HOW TO COMPLETE THIS TASK: Give the data again exactly as written, skipping any pictures.

EXTRACTED MATERIAL:

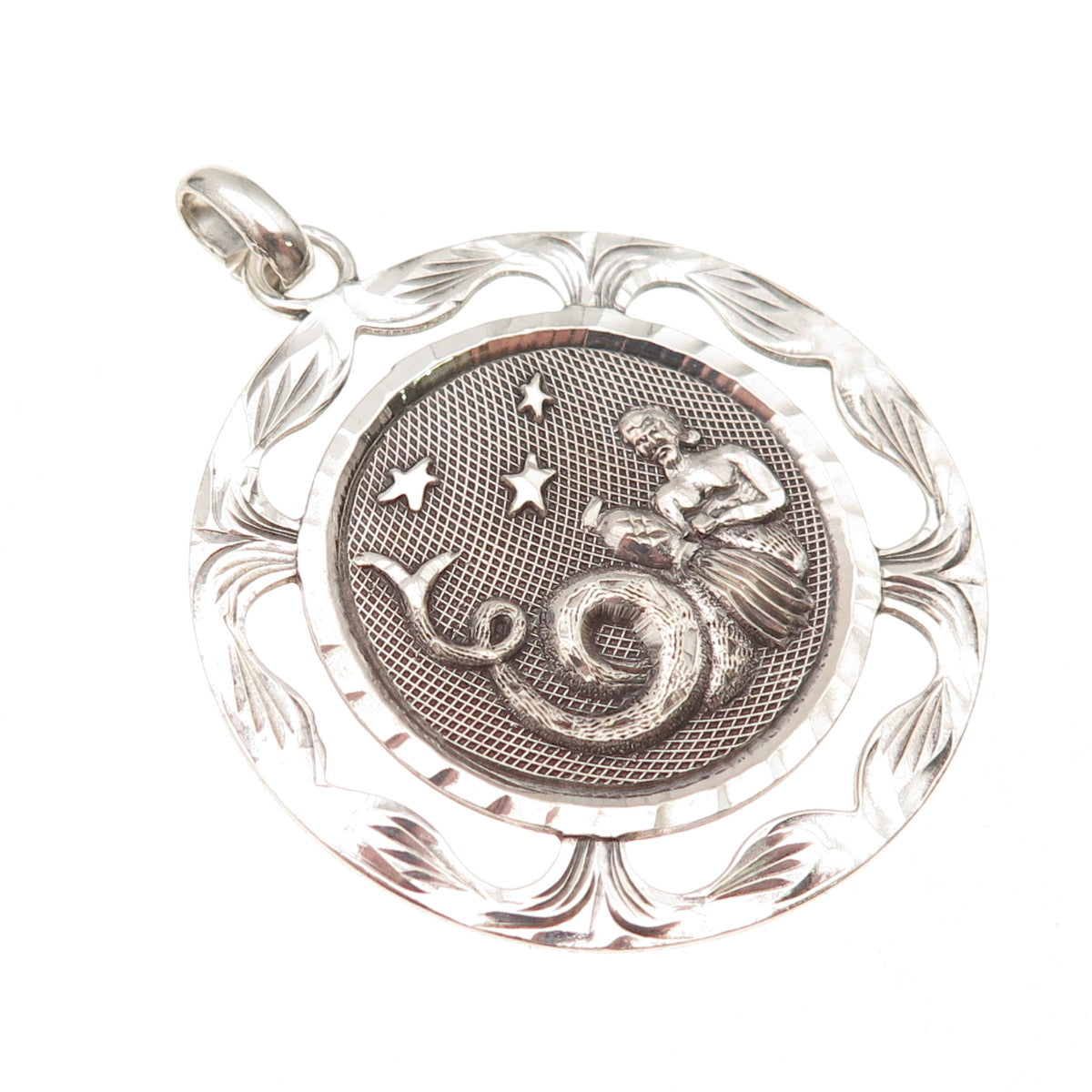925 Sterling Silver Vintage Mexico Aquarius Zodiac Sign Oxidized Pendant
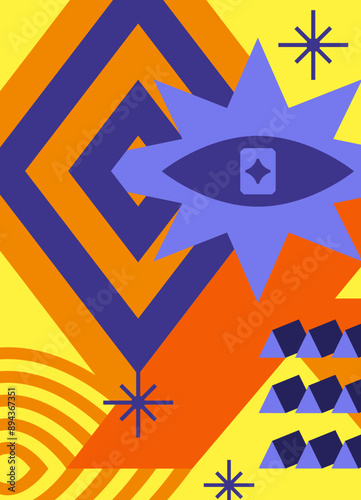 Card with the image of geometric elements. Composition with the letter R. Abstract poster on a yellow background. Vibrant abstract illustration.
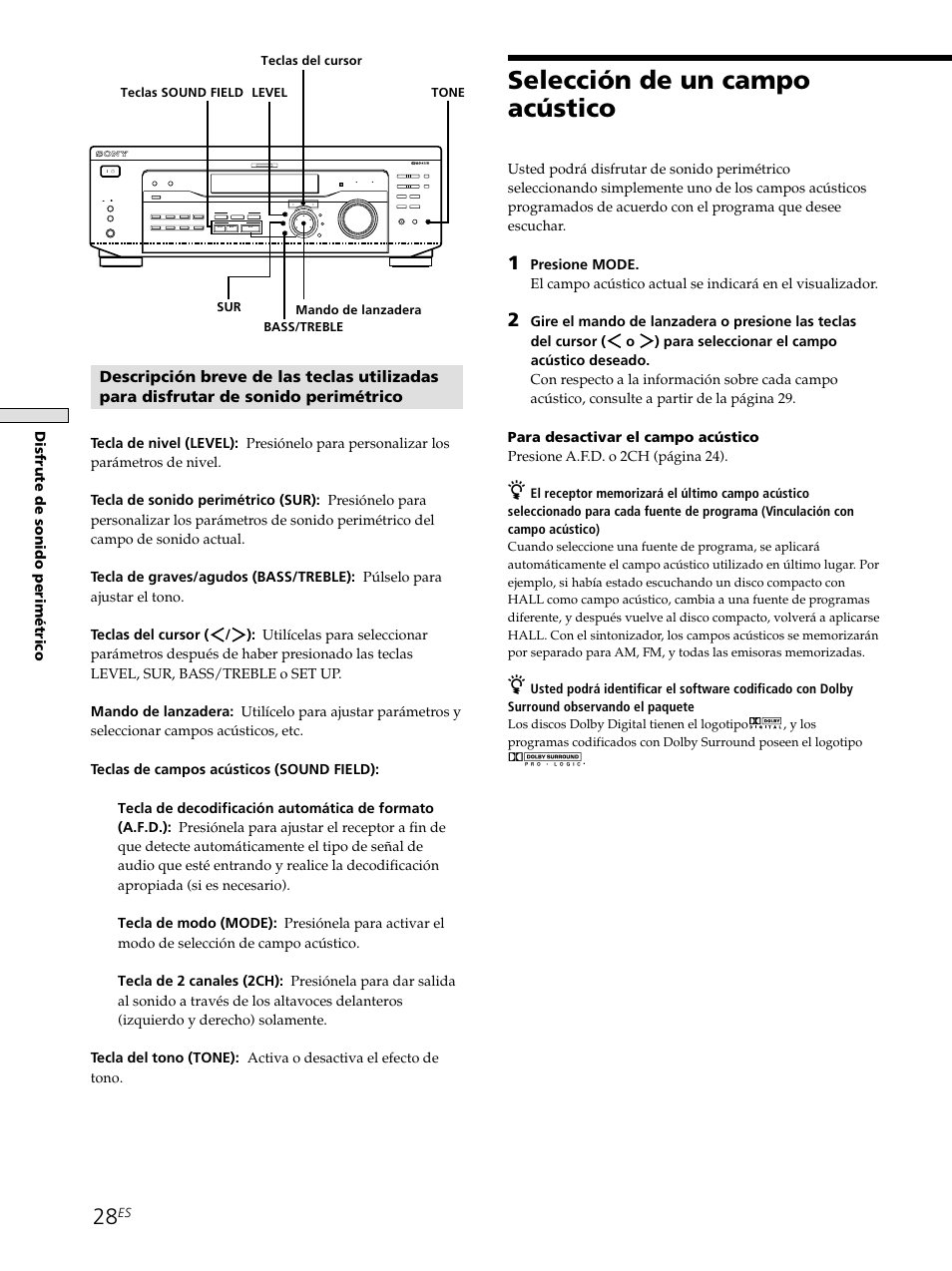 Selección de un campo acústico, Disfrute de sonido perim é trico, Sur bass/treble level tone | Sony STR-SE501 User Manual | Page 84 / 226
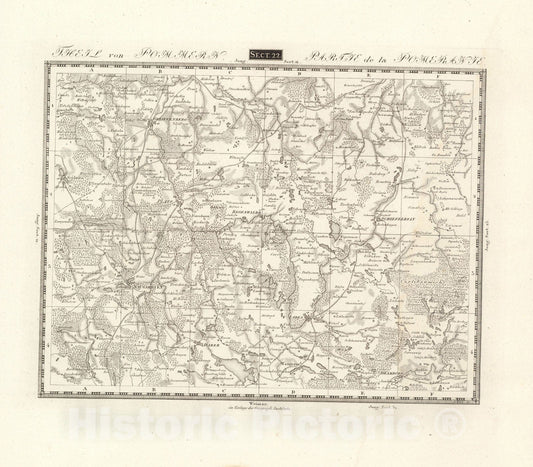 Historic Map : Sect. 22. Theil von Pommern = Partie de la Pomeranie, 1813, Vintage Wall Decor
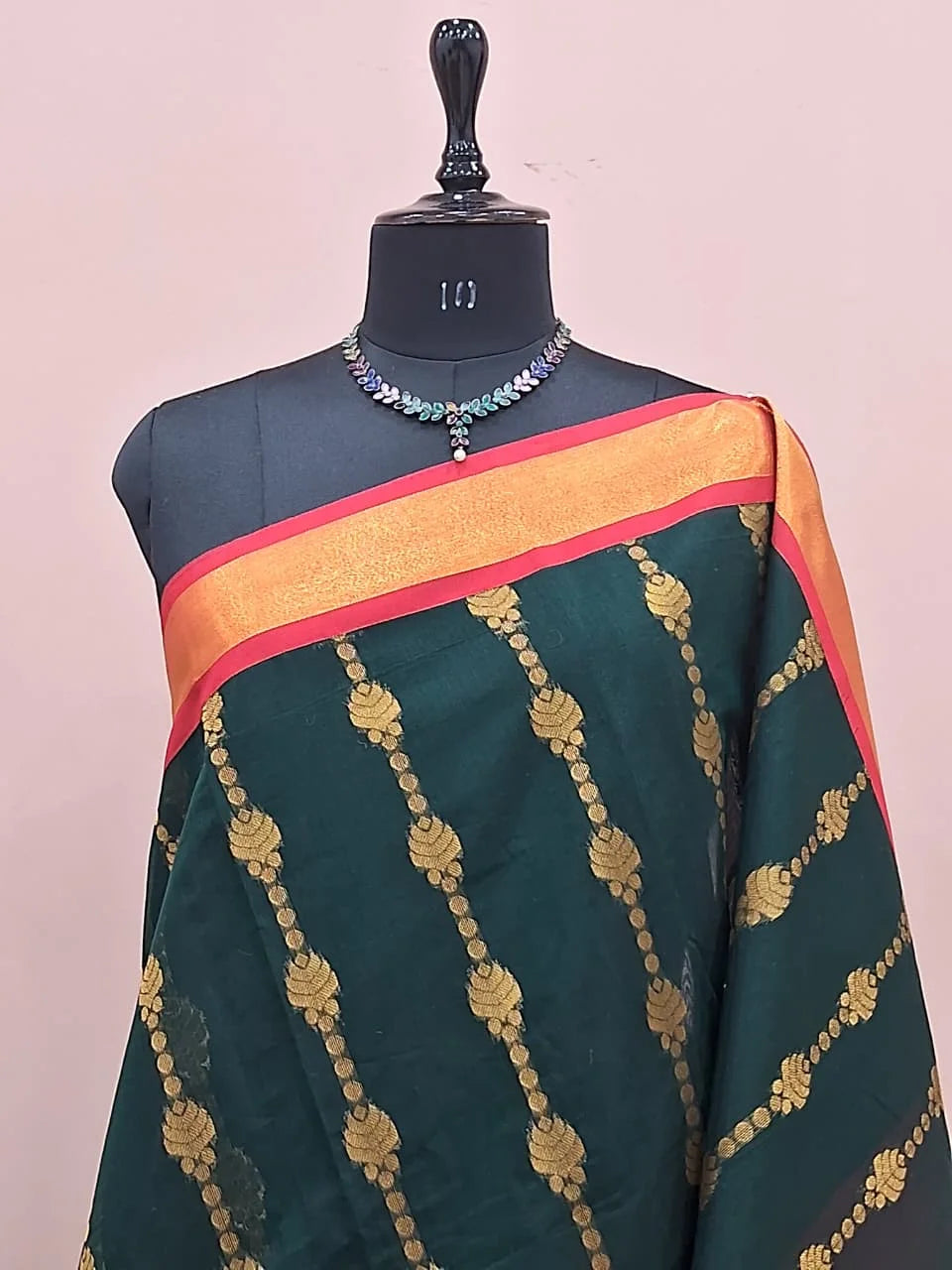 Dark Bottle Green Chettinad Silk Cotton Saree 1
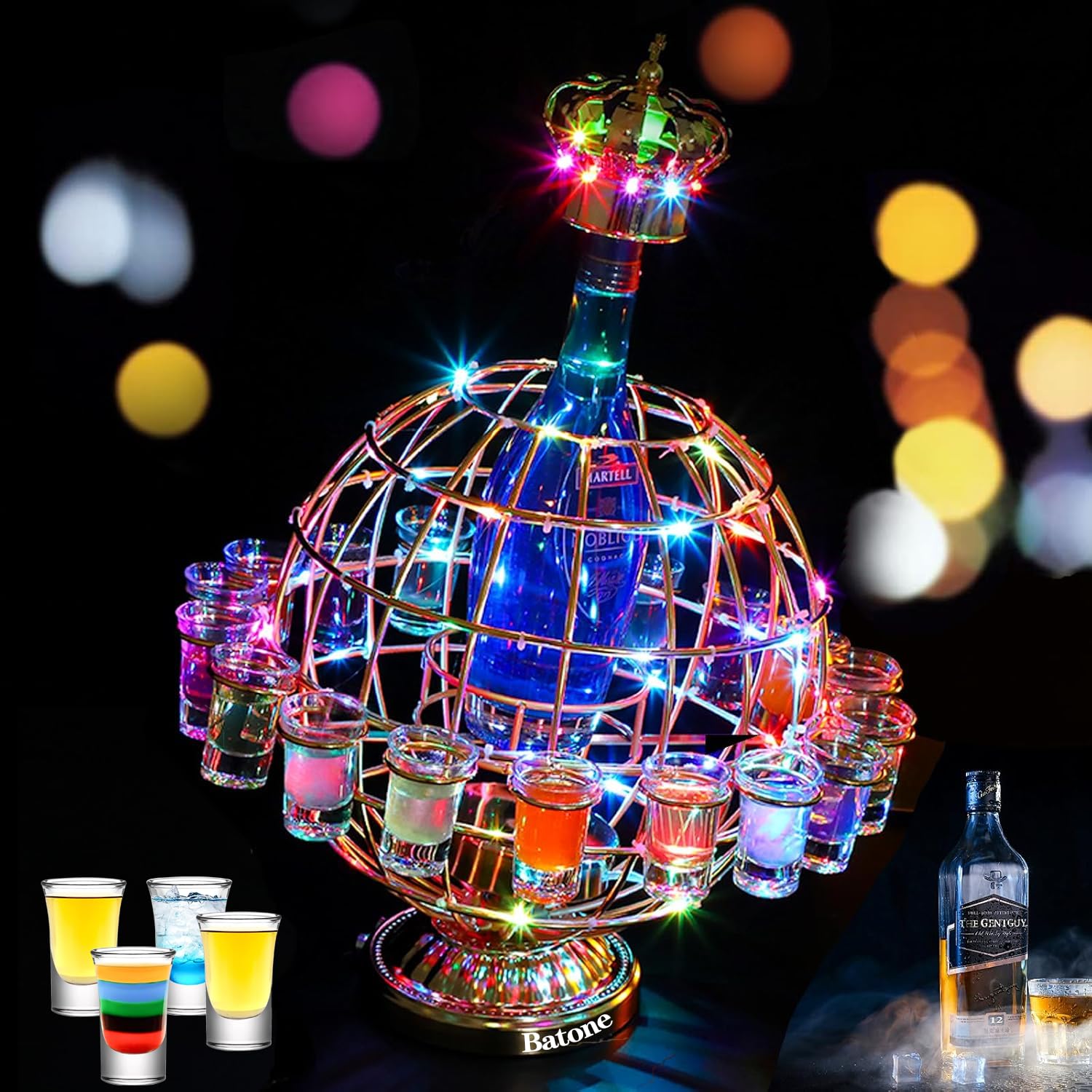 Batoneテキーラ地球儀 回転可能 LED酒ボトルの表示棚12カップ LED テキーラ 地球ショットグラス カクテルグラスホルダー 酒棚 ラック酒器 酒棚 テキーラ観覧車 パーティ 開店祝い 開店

ANSWER FOR THIS EXERCISE:
925 Sterling Silver Vintage Mexico Aquarius Zodiac Sign Oxidized Pendant
 Card with the image of geometric elements. Composition with the letter R. Abstract poster on a yellow background. Vibrant abstract illustration.
 Selección de un campo acústico, Disfrute de sonido perim é trico, Sur bass/treble level tone | Sony STR-SE501 User Manual | Page 84 / 226
 Historic Map : Sect. 22. Theil von Pommern = Partie de la Pomeranie, 1813, Vintage Wall Decor
 Dark Bottle Green Chettinad Silk Cotton Saree 1
 Batoneテキーラ地球儀 回転可能 LED酒ボトルの表示棚12カップ LED テキーラ 地球ショットグラス カクテルグラスホルダー 酒棚 ラック酒器 酒棚 テキーラ観覧車 パーティ 開店祝い 開店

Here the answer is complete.